BEGIN Input for this task
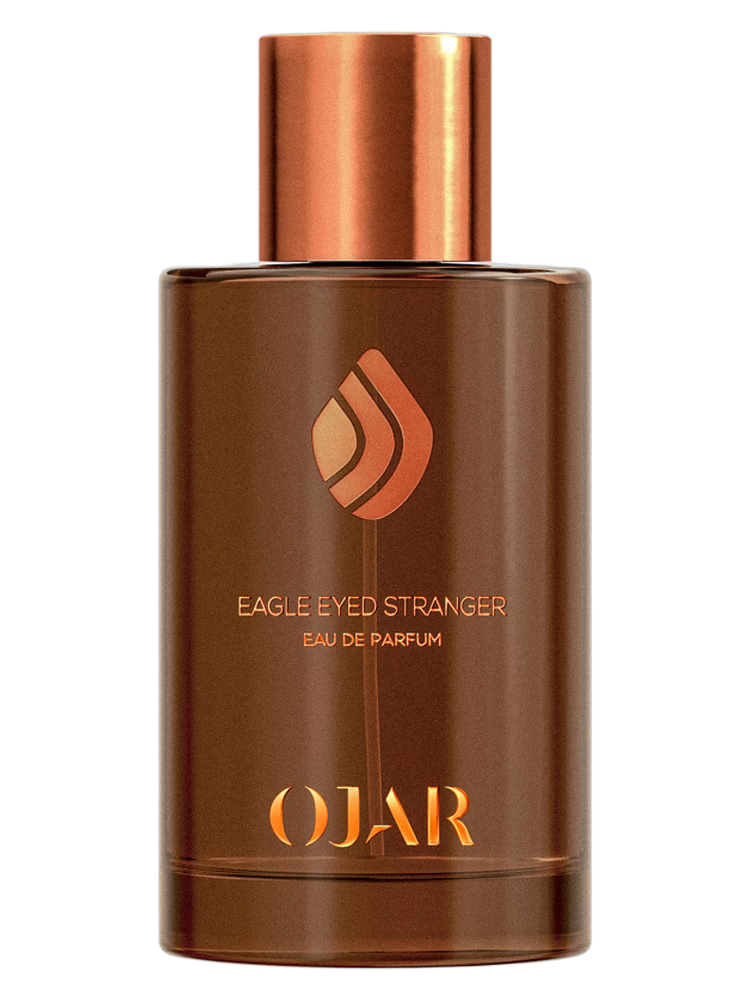 Ojar Eagle Eyed Stranger Eau de Parfum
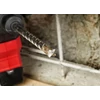 Kép 2/6 - MILWAUKEE 4932430727 SDS-Max Fúrószár 12 x 550/740 mm 1db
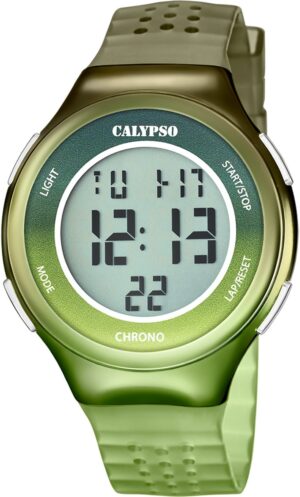 Calypso K5841/4 unisex športové hodinky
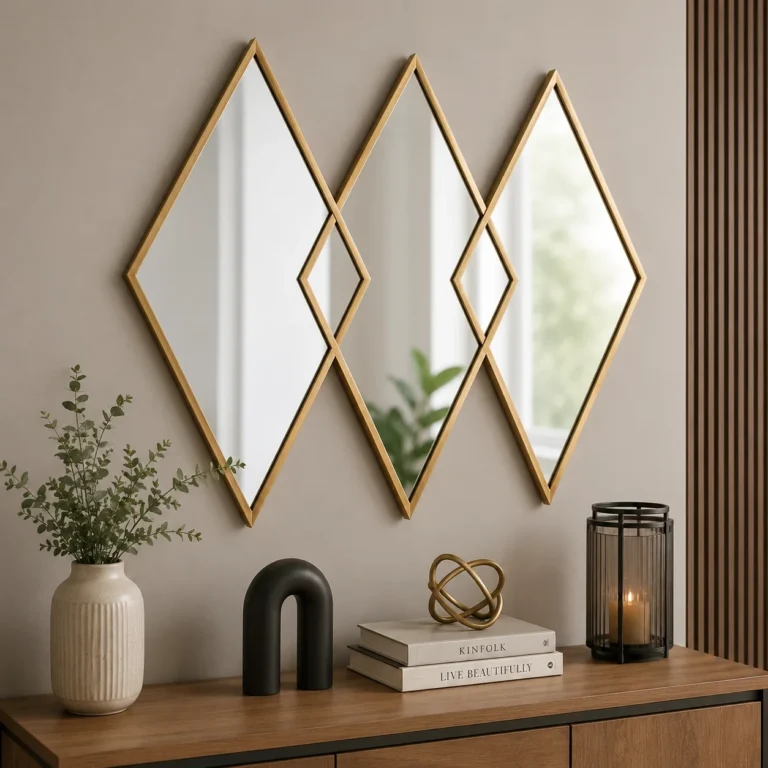 Decor Item Guide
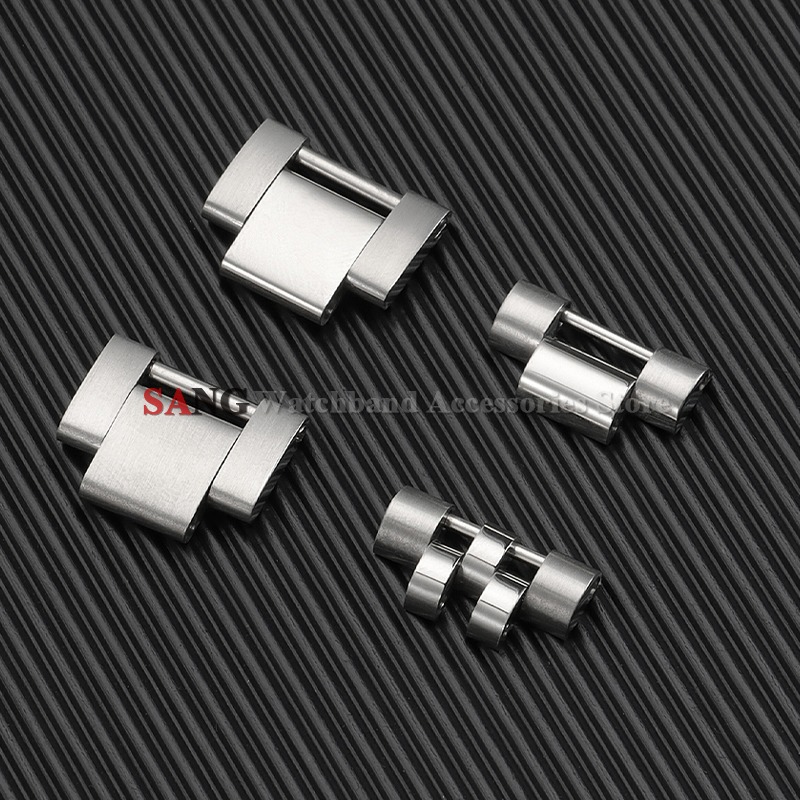 16*8/16*9mm Stainless Steel Ex - Luxury Watch Online recension och pris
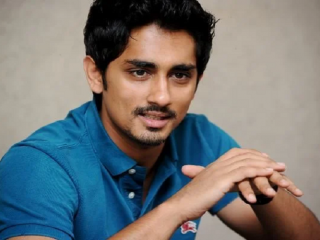 siddharth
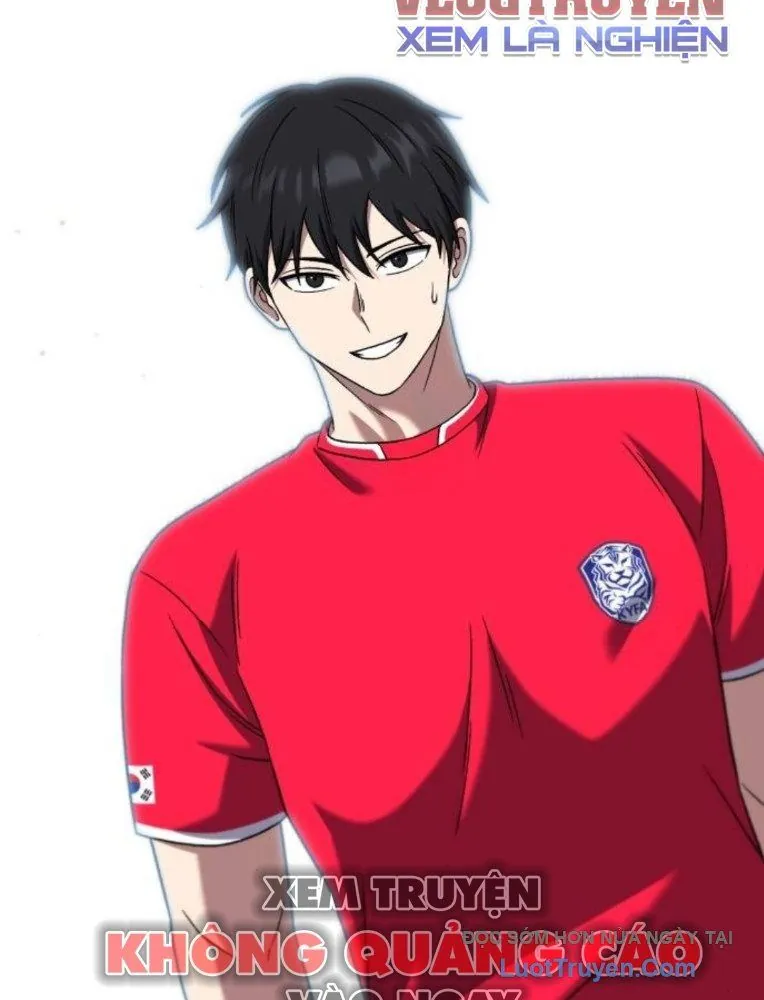 Đường Chuyền Đặc Biệt Của Tiền Vệ Thiên Tài Chap 30 - Next Chap 31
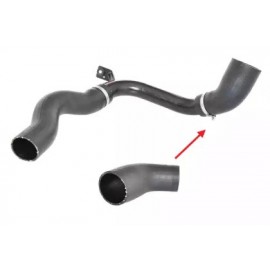 VARIKLIO TURBINOS ŽARNA FORD MONDEO IV 2,2TDCI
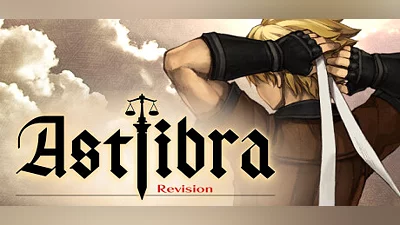 Astlibra Revision  (PC) [Global] [Standard]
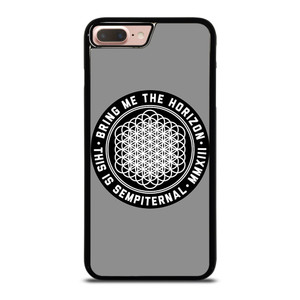BRING ME THE HORIZON SEMPITERNAL iPhone 7 / 8 Plus Case Cover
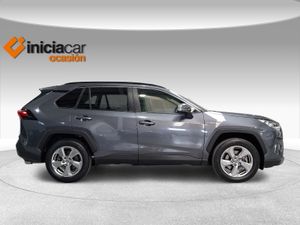 Toyota Rav4 2.5l 220H Advance  - Foto 18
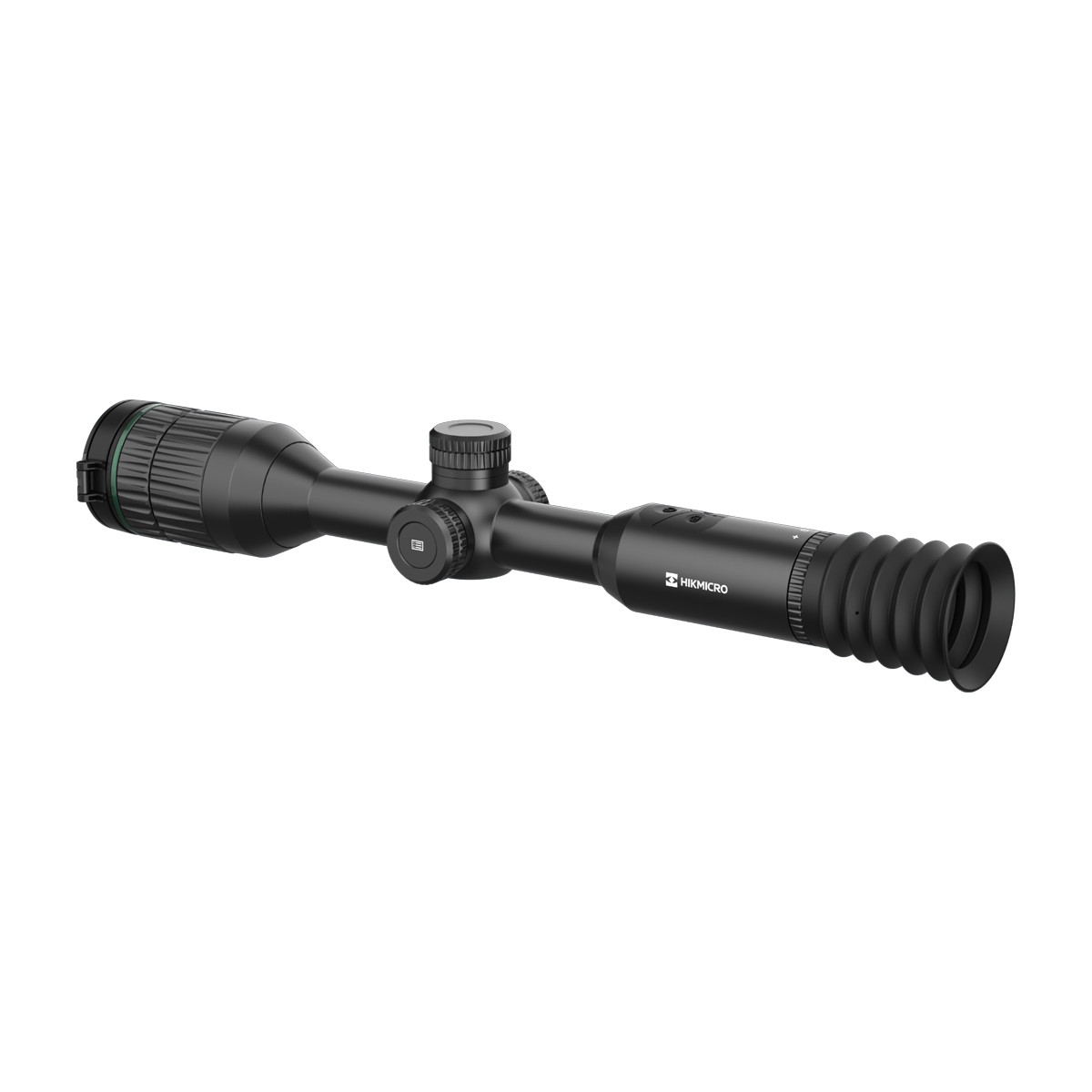HIKMICRO ALPEX A50T Day & Night Riflescope with 850nm IR Illuminator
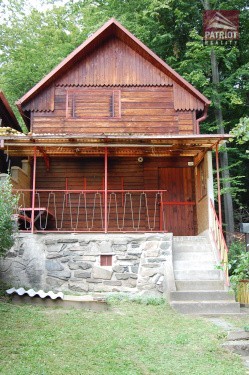 Chata Hlubočky Rezervace - 4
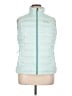 Eddie Bauer 100% Nylon Teal Vest Size XL - photo 1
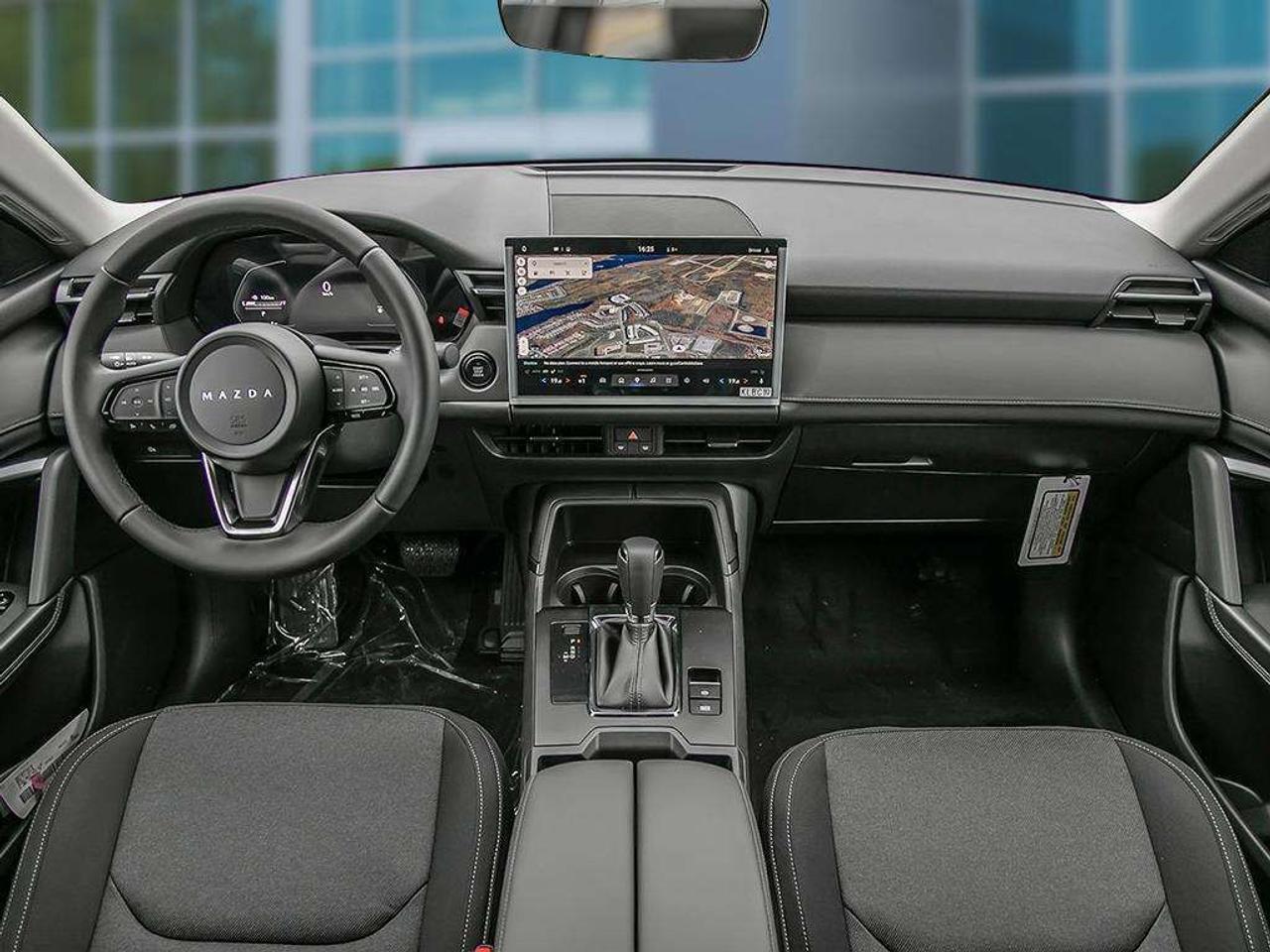 2026 Mazda CX-5 GX AWD Photo
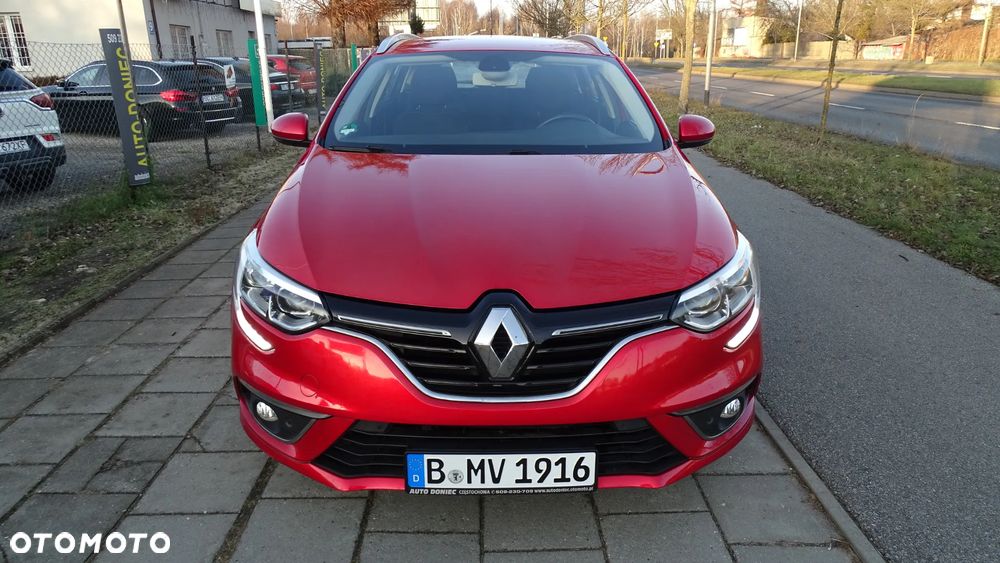 Renault Megane ENERGY TCe 130 INTENS - 6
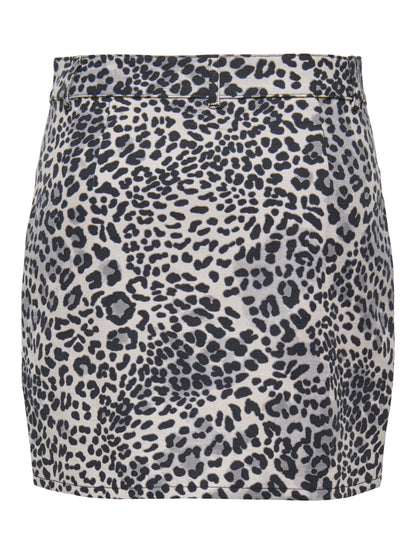 JDYRAY MW MINI SKIRT PNT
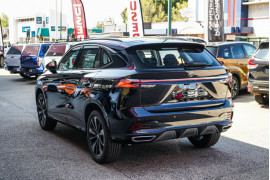 2024 MY24.5 MG HS AS33 Excite SUV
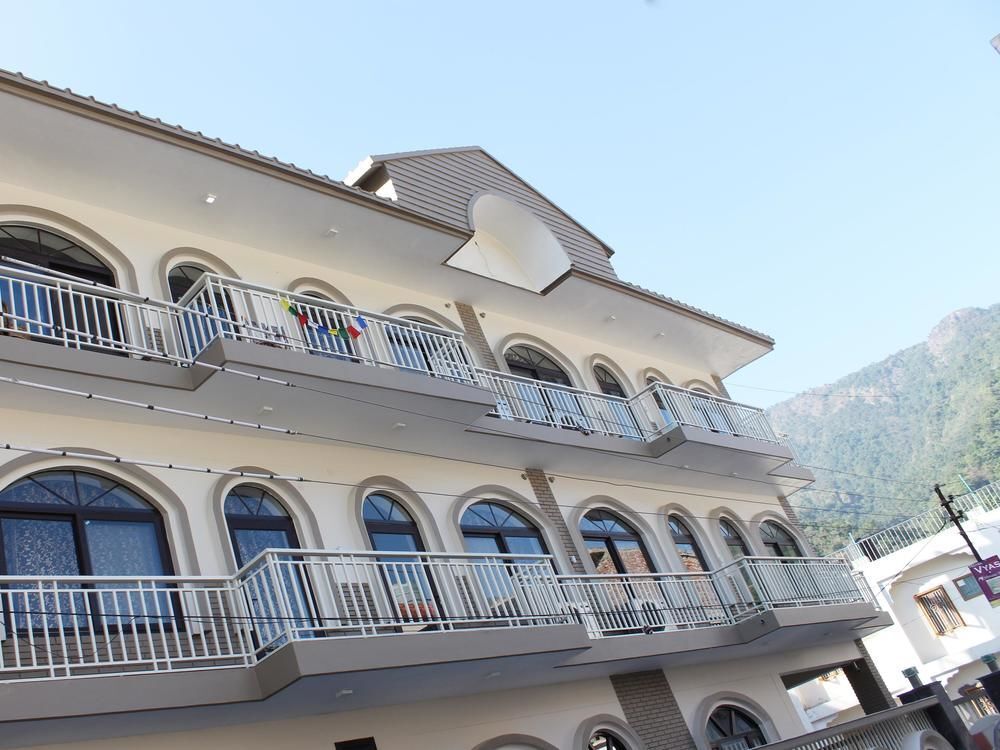 Ришикеш: Oyo 2749 Hotel Vedas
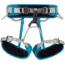 Petzl Corax Harness, Turquoise, 2, C051CA01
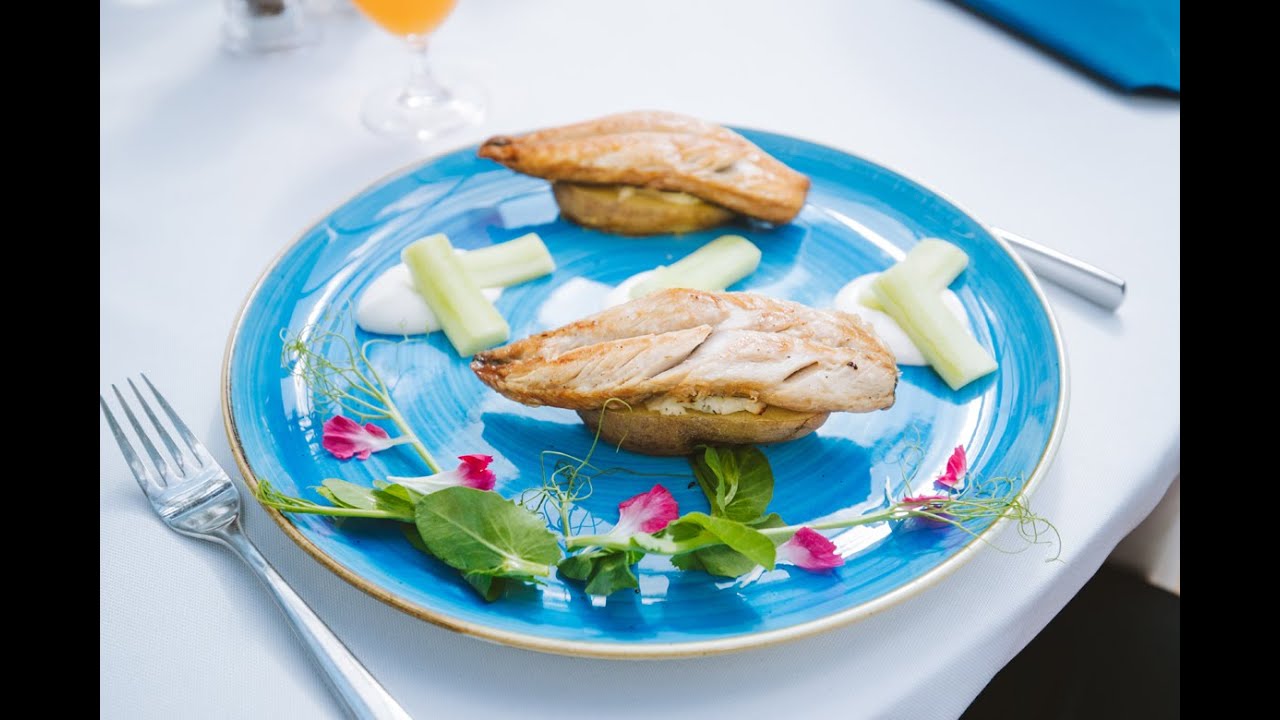 Ravioli en Sauzen: Tips voor Perfecte Combinaties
END Input for this task
◆ **Required action**
Transcribe the records word for word and include no pictures.

◆ **Output for this task**
 Ojar Eagle Eyed Stranger Eau de Parfum
 Kép 2/6 - MILWAUKEE 4932430727 SDS-Max Fúrószár 12 x 550/740 mm 1db
 Calypso K5841/4 unisex športové hodinky
 Decor Item Guide
 16*8/16*9mm Stainless Steel Ex - Luxury Watch Online recension och pris
 siddharth
 Đường Chuyền Đặc Biệt Của Tiền Vệ Thiên Tài Chap 30 - Next Chap 31
 VARIKLIO TURBINOS ŽARNA FORD MONDEO IV 2,2TDCI
 Astlibra Revision  (PC) [Global] [Standard]
BRING ME THE HORIZON SEMPITERNAL iPhone 7 / 8 Plus Case Cover
 Toyota Rav4 2.5l 220H Advance  - Foto 18
HIKMICRO ALPEX A50T Day & Night Riflescope with 850nm IR Illuminator
 Chata Hlubočky Rezervace - 4
 Eddie Bauer 100% Nylon Teal Vest Size XL - photo 1
 2026 Mazda CX-5 GX AWD Photo
 Renault Megane ENERGY TCe 130 INTENS - 6
 JDYRAY MW MINI SKIRT PNT
 2024 MY24.5 MG HS AS33 Excite SUV
 Ришикеш: Oyo 2749 Hotel Vedas
 Petzl Corax Harness, Turquoise, 2, C051CA01
 Ravioli en Sauzen: Tips voor Perfecte Combinaties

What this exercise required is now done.